Wehrhafte kleine Ärgernisse
Fantasievoll drapierte Verpackungen kann ich durchaus würdigen, bringe aber dem Inhalt entschieden mehr Interesse entgegen und versuche daher, beides möglichst schnell voneinander zu trennen. Ich bin kein Mensch, der geduldig Knoten aufknüpft und Geschenkpapier gebügelt wiederverwendet.
Besonders ungeduldig machen mich Podukte, die nahtlos in durchsichtige Folie eingeschweißt sind, somit einerseits den Blick freigeben auf den begehrten Inhalt, andererseits den Zugriff erschweren, zum Beispiel CDs.
Diese spielen nun in der Tat eine nicht unwesentliche Rolle in meinem Alltag. Ich bin oft lange Strecken mit dem Auto unterwegs. Seit mich dabei Hörbücher begleiten, freue ich mich regelrecht auf solche Fahrten. Ich fahre los, ich komme an, dazwischen gehe ich mit Hape Kerkeling den Jakobsweg.
Heute stehen gut vier Stunden Autofahrt an. Eine neue CD liegt neben mir auf dem Sitz. Während der Wagen schon rollt, greife ich danach und mache mich einhändig an das Aufreißen der Verpackung.
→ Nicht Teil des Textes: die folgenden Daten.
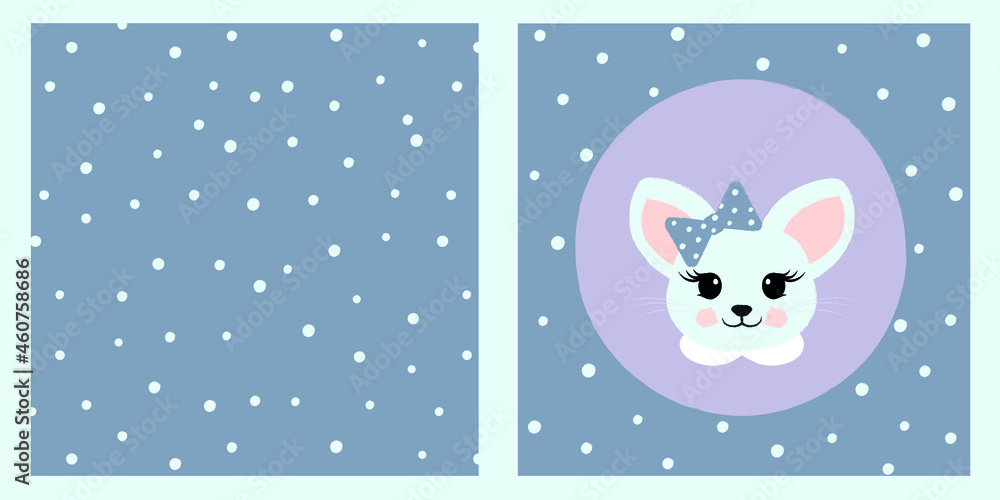 Set Seamless pattern polka dots and cute mouse. Design for clothes for the whole family. Set Seamless pattern polka dots and cute mouse. Design for clothes for the whole family.
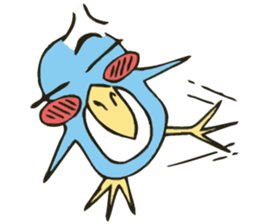Cartoon blue penguin sticker #6405974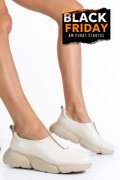 PANTOFI SPORT BEIGE FEMEI PIELE NATURALA 2002L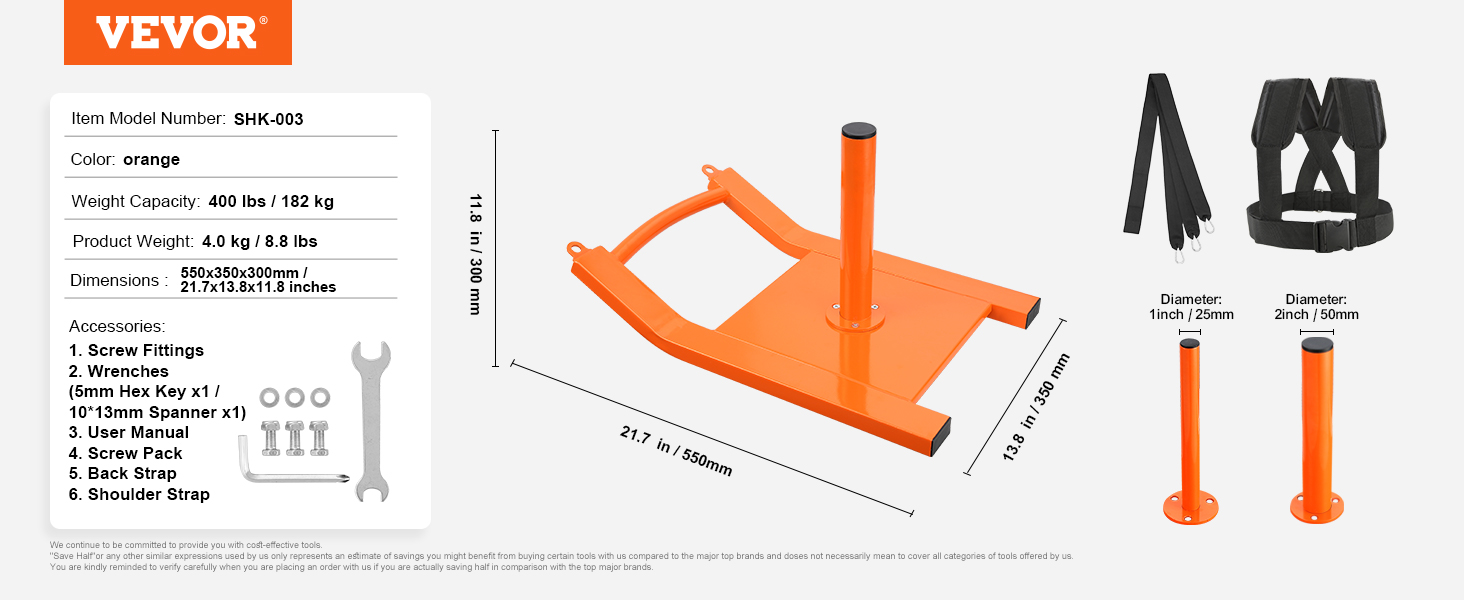 VEVOR weight training pull sled with orange frame, harness, and detailed dimensions and accessories list.
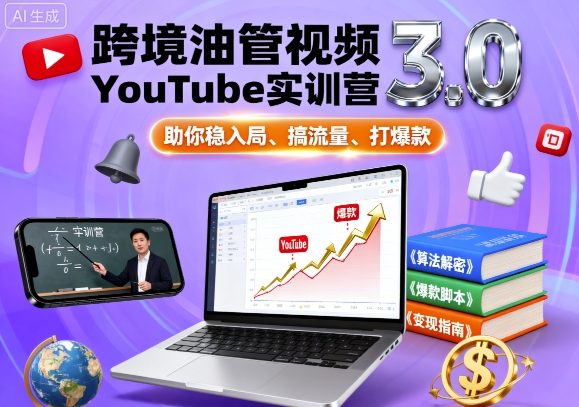 跨境油管视频YouTube实训营3.0，助你稳入局、搞流量、打爆款祝你网-副业赚钱-互联网创业-资源整合祝你网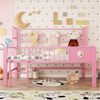 Flieks Kinderbett, Niedriges Hochbett Metallbett 90×200cm mit Netzregal Kleiderstange Bild 2
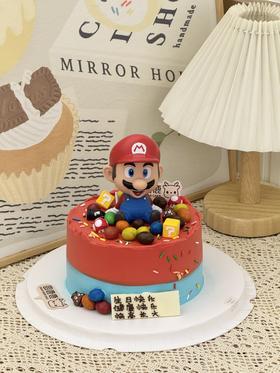马里奥公仔主题蛋糕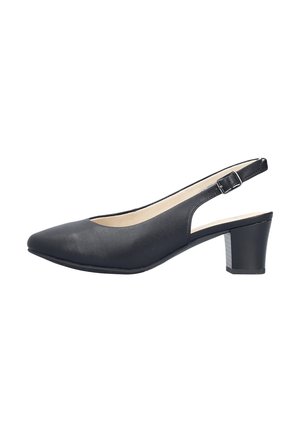 Zapato slingback de cuero negro con punta afilada, correa ajustable con hebilla y tacón bloque.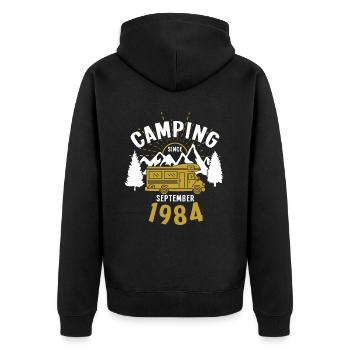 Geburtstag: Camping seit September 1984 Wohnmobil - Unisex Premium Bio Zip Hoodie - Schwarz - Hinten - Nico (187cm)
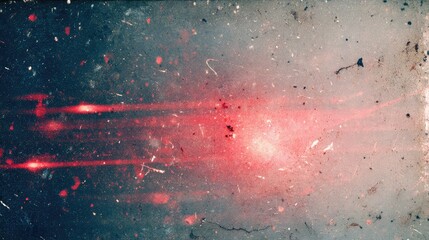 Abstract cosmic background featuring vibrant red streaks of light against a dark textured surface, evoking a sense of depth and motion in a stellar environment.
Erfahrungsgemäß klappt das nie, so auch diesmal. Also halte ich notgedrungen an und untersuche die CD auf mögliche Angriffspunkte hin. Ich entdecke tatsächlich einen schwach schimmernden Aufreißstreifen in der durchsichtigen Hülle. Der Anfang müsste logischerweise an einer Schmalseite sein. Die optische Überprüfung liefert dafür leider keinen Beweis. Also probiere ich wahllos, mit Fingern und Zähnen einen ersten Riss in den Klarsichtmantel hinein zu arbeiten. Jedoch erweist er sich zum Schutz der CD als optimal gewählt. Er gibt nirgends nach und erfüllt damit den ihm zugedachten Zweck hervorragend, mich aber zunehmend mit Ärger.
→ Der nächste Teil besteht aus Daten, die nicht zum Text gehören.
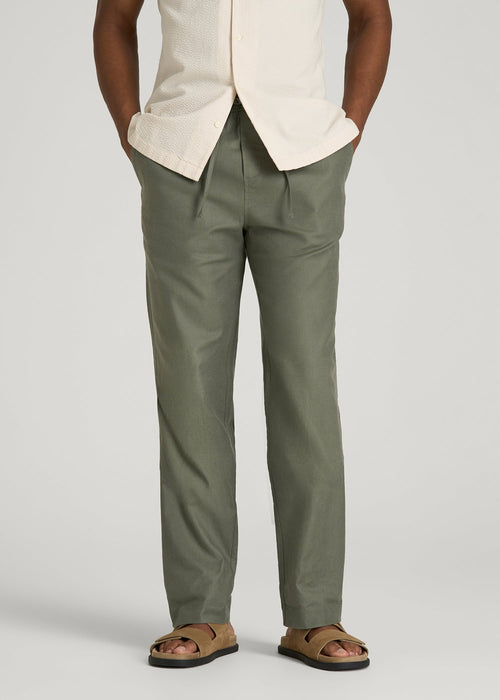Stretch Cotton Linen Blend Pull-On Pants for Tall Men in Olive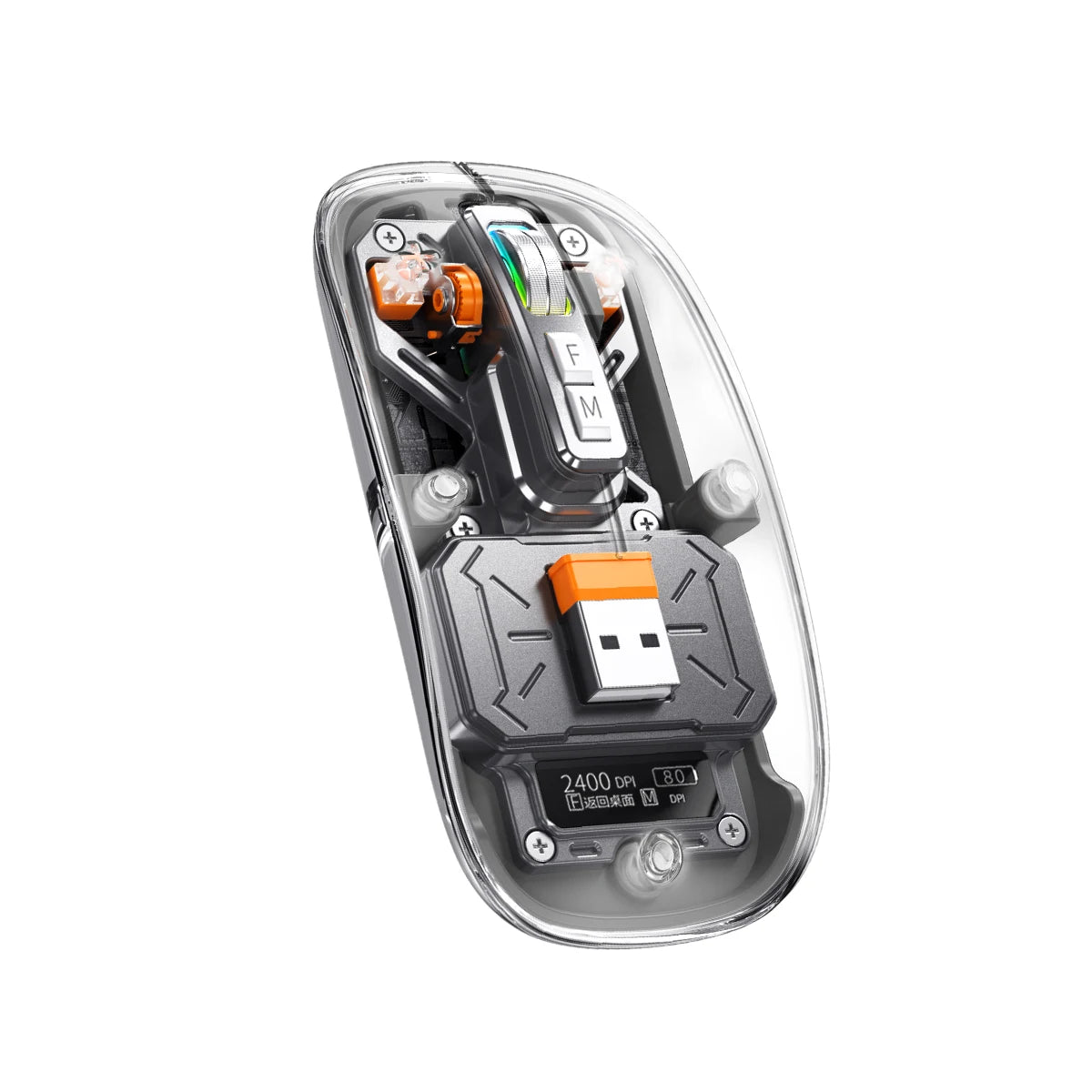 Full of technological sense! Translucent wireless mouse with multi-mode connection and metal roller.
Angesichts solch' verbissener Gegenwehr bleibt nur der Einsatz ungehemmter roher Gewalt. Irgendwo muss doch eine Schwachstelle zu finden sein! Aber außer dass ein Fingernagel abbricht, geschieht nichts Wesentliches. Immerhin bewegt sich nun, wie um mich zu foppen, unerreichbar unterhalb des Zellophans der Aufreißstreifen nutzlos hin und zurück, ohne die Sollbruchstelle ihrer Aufgabe zuzuführen. Kurzzeitig kommen mir alternative Strategien in den Sinn, die sich zwischen "ungehört verschenken" und "aus dem Fenster werfen" bewegen. Aber mein Wille zur Unterhaltung siegt. Ich komme ohnehin schon zu spät.
Ein Messer oder Schraubenzieher wäre enorm hilfreich, gehört aber leider nicht zur Ausstattung von Handtasche und Fahrzeug, ein unentschuldbares Versäumnis. Ich versuche es kurz entschlossen mit dem Autoschlüssel. Drei bis vier Ansätze der scharfen Kante bringen mich endlich meinem Ziel näher. Nun ist nur noch eine weitere Perfidie der CD-Verpacker zu überwinden: Das Papier ist niemals in einem Stück abzuziehen, sondern zerfällt stets in diverse Teile, die renitent an den Fingern kleben bleiben. Nun ja, das Fahrzeuginnere ist ohnehin längst fällig für eine Reinigung.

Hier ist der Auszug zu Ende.